What is being asked :: Once you reach the line with "NIKE(ナイキ) AIR JORDAN" below, copy each line exactly, stopping after the line with "Modern Circular Wall", and skip any pictures.

Input data ::
*** Block opens ***

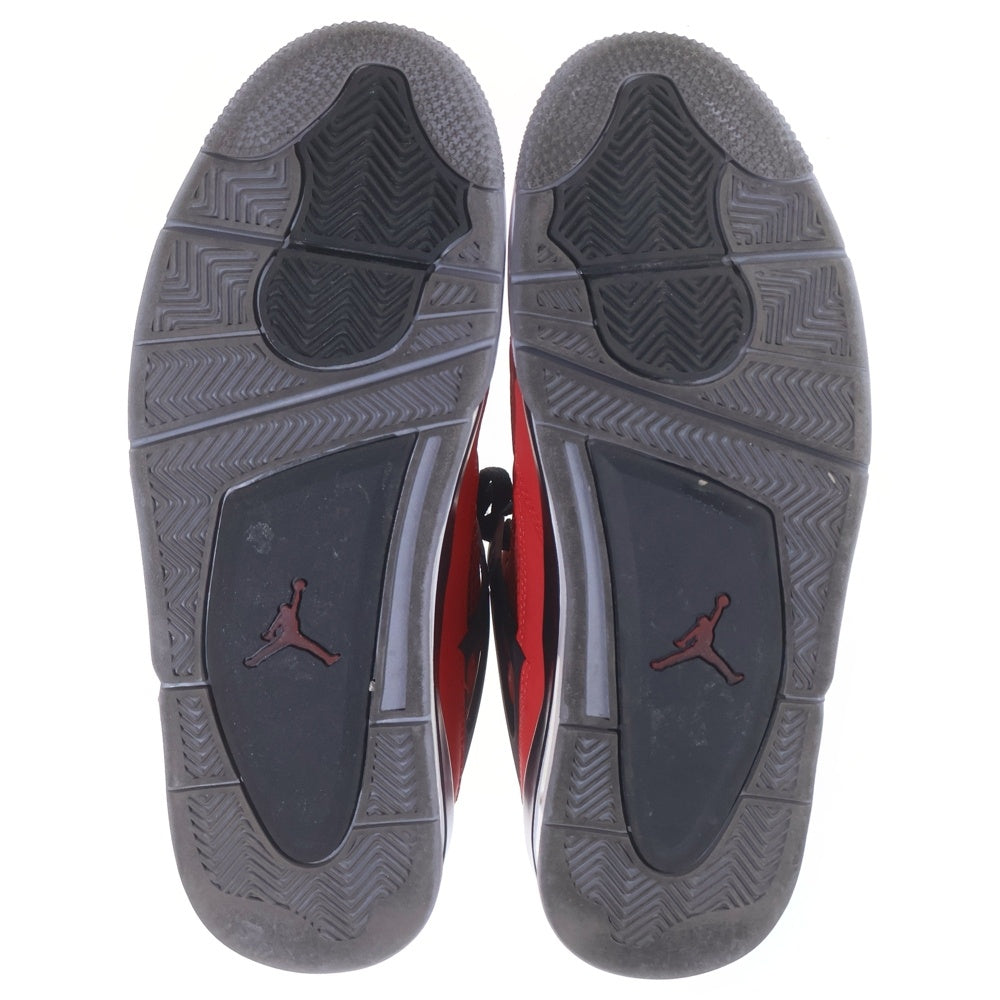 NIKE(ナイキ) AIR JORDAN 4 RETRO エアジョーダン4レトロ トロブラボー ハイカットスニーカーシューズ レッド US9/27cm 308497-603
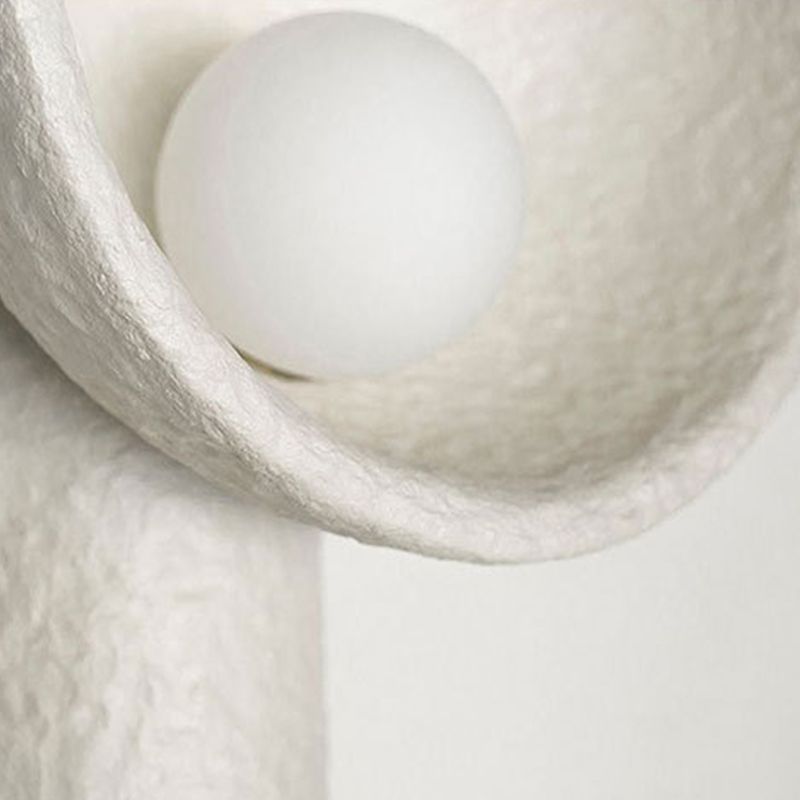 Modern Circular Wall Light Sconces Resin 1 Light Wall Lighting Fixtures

*** Block closes ***
*** Block opens ***

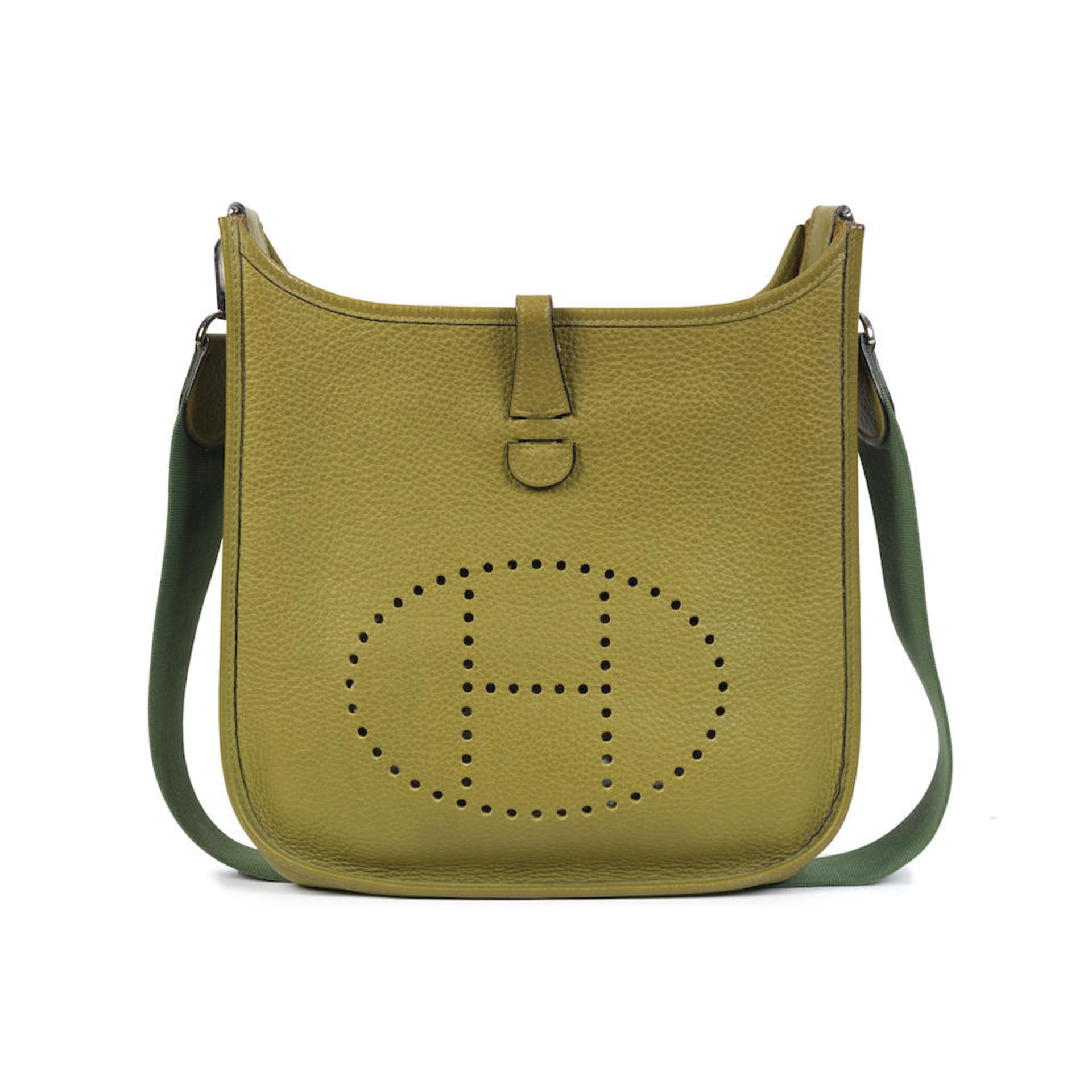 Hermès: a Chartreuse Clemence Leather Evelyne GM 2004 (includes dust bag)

*** Block closes ***

Exercise result ::
 NIKE(ナイキ) AIR JORDAN 4 RETRO エアジョーダン4レトロ トロブラボー ハイカットスニーカーシューズ レッド US9/27cm 308497-603
 Modern Circular Wall Light Sconces Resin 1 Light Wall Lighting Fixtures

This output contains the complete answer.